For God’s Sake: Lessons in importance of prayer
“You do not have because you do not ask,” says the New Testament letter of James as it chides its readers for their prayerlessness, “You ask and do not receive, because you ask wrongly to spend it on your passions. You adulterous people!”
The Christians to whom James was writing must have been a shallow, selfish bunch, we think to ourselves as we adjust the mirror of Scripture so that we don’t see ourselves in it. This sweeping indictment is that, since we mistake prayer for a personal tool to get the stuff we want, which rarely “works,” we tend not to pray. Not only should we pray more often, but we should also pray more wisely.
A Christian’s practice of prayer reveals much about their spiritual health, which is why bringing up the topic of prayer is never popular. The infrequency of our praying reveals that we do not understand our dependence on God. We perceive ourselves to be self-dependent, needing only an occasional leg up or an occasional favor from God, but we are utterly dependent on God for all things.
Everything that exists, from the food we eat to our most advanced technological devices, have come from what the Lord God has created. “All things were made through him, and without him was not anything made that was made” (John 1:3). We humbly pray, and God graciously provides.
The content of our prayers reveals that we have forgotten, or perhaps were never told, that when we came to faith in Christ, it was not we who invited Christ into our lives, but Christ who invited us into his life. Without that understanding, we regard Christ as our servant whom we summon through prayer to accomplish our purposes.

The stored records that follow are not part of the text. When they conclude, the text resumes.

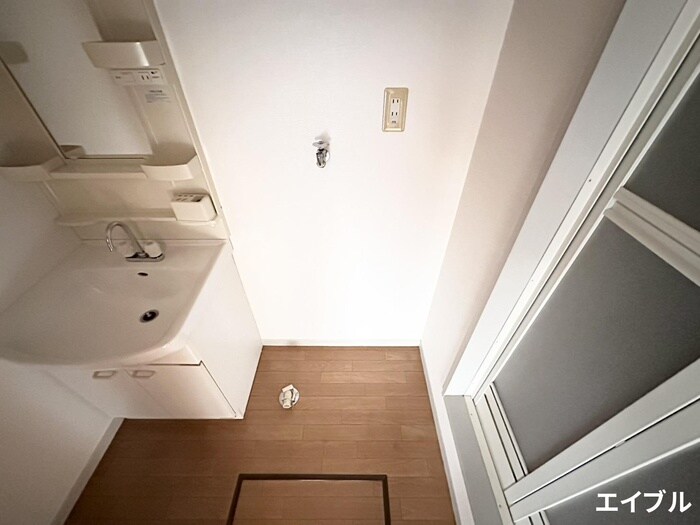 物件内観写真15　(洗濯機置場)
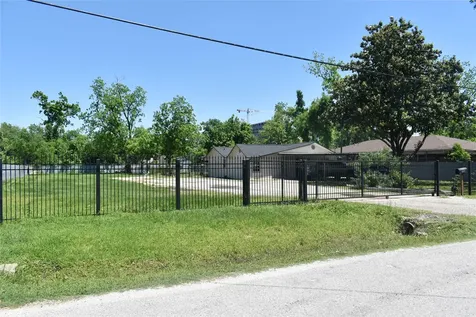 5922 Lavender Street Houston TX 77026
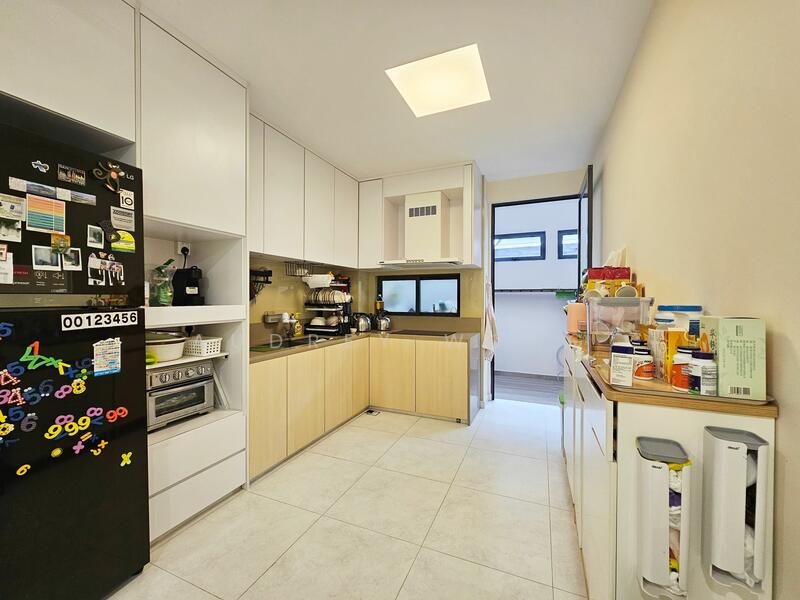 Modern 2 Storey Terrace @ Sennette Estate, Renovated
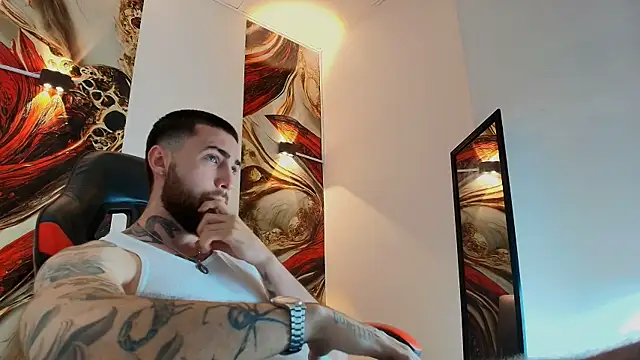 Luke_davis01 Show in webcam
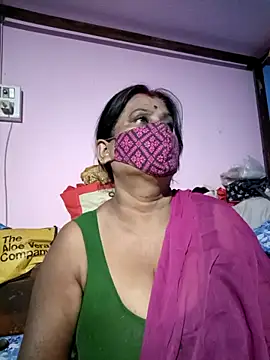 Snapshot of me-pari-hu chatting on February 11, 6:46 pm me-pari-hu online show from February 11, 6:46 pm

“You ask and do not receive, because you ask wrongly to spend it on your passions.” If we truly are in Christ, there should be in us a growing passion for Christ and the things of Christ, a persistent holy discontent until Christ’s purposes are accomplished to his great glory. It is far better to pray for Christ’s purposes to be accomplished.
Understand, I am not standing next to James with my finger pointed at you. I am standing beside you, exposed and without excuse, in Scripture’s revealing light. I need growth here. Recently, I had some lessons in prayer’s importance.
My leadership team and I at COMPASS were lamenting how we were not reaching young families. In one of those forehead-slapping epiphanies, we realized that we had not because we asked not. We began praying earnestly and God provided abundantly.
Later, I was struggling with my ministry workload and asked the team to join me in praying for God to send us ministry-equipped believers. God provided abundantly.
We were frustrated with our location, a comfortable worship space, but it lacks versatility and is situated behind a gate with a gate code. We diligently prayed and God has answered abundantly. I’ll tell you how he answered that prayer another time.